Major conservation and restoration works are under way in Georgian Leinster House.
The Office of Public Works (OPW) is addressing structural and architectural issues in the 270 year old building to protect it and ensure it can continue to serve as home to the Houses of the Oireachtas. All Oireachtas business continues as usual, however guided tours are limited.
About the project
Construction on Leinster House began in 1745. It was designed by Richard Cassels, also known as Richard Castle, as the town house of James FitzGerald, the first Duke of Leinster. Over the years it has been extended and adapted to meet the needs of its various occupants, including the Royal Dublin Society and later the Houses of the Oireachtas. The wear and tear on the fabric of the 270 year old House, and the need to address it, has become evident.
As well as essential structural strengthening of the building, the works include rewiring Leinster House to modern standards and upgrading fire resistance measures. The historic windows, shutters, joinery and stone work all need repairs. The original entrance door to Leinster lawn will be reinstated and the existing portico demolished.
The footprint of the original House includes the Seanad Chamber and support areas, the Reading Room, the main lobby hall and corridor towards the Dáil stairwell, the Ceann Comhairle’s Office, the Cathaoirleach’s Office, the General Office and the Enquiries Office. The Dáil Chamber, the committee rooms and the Members’ offices are not affected by the conservation works.
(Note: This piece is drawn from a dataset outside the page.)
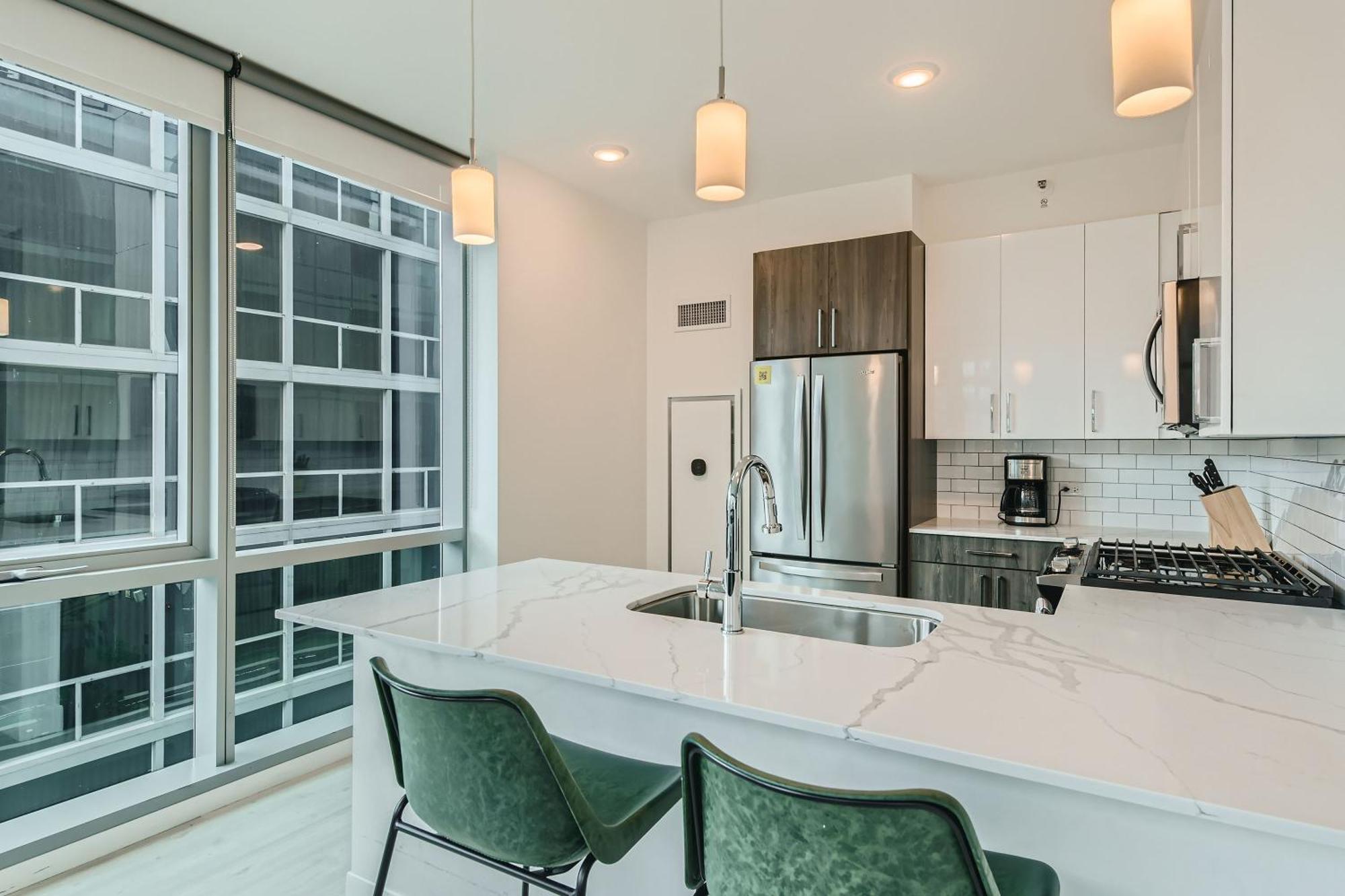 시카고 Sentral Michigan Avenue 아파트 호텔 객실 사진 Kitchen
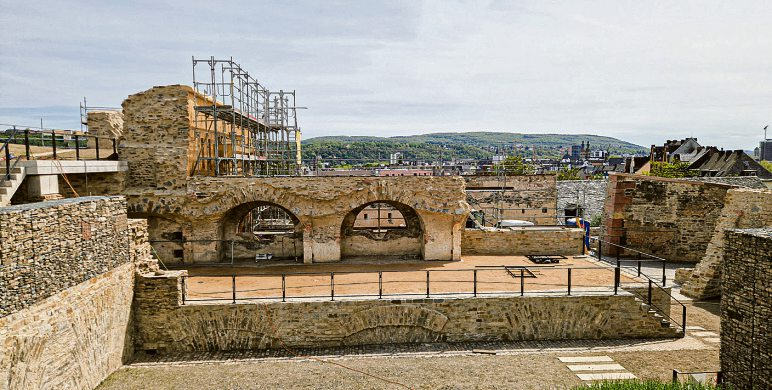 Die Feste Kaiser Franz wird wieder erlebbar: Die Fotos zeigen die sanierte Grabenwehr Süd, den neu hergerichteten Haupteingang zur Poterne, den historischen Verbindungsgang sowie die freigelegten Kasematten. Fotos: Feste Kaiser Franz e. V.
Restoring a 270 year old house of this scale is a complex undertaking. The planning phase has been long, but it was important to thoroughly investigate every aspect of it before swinging hammers. Various specialists have conducted surveys of the entire building to ensure the works can be conducted safely. Given the importance of the work that normally takes place in Leinster House, the works have been scheduled to minimise disruption to Members of the Oireachtas, staff and the public.
Download a short leaflet outlining the conservation and restoration works on historic Leinster House.
The Genius Loci of Leinster House
Watch architect Brian O'Connell's talk about the importance of parliament buildings as expressions of the democratic ideals of the societies that build them.
Seanad Chamber relocated to National Museum
Georgian Leinster House has been vacated, and the Seanad Chamber has been relocated temporarily to the ceramic room of the National Museum on Kildare Street. When Seanad Éireann was first established, in 1922, it was temporarily accommodated in the museum before moving to Leinster House. A steel door, previously concealed behind a partition, has been uncovered and put back into use to allow Senators and staff to move between the buildings.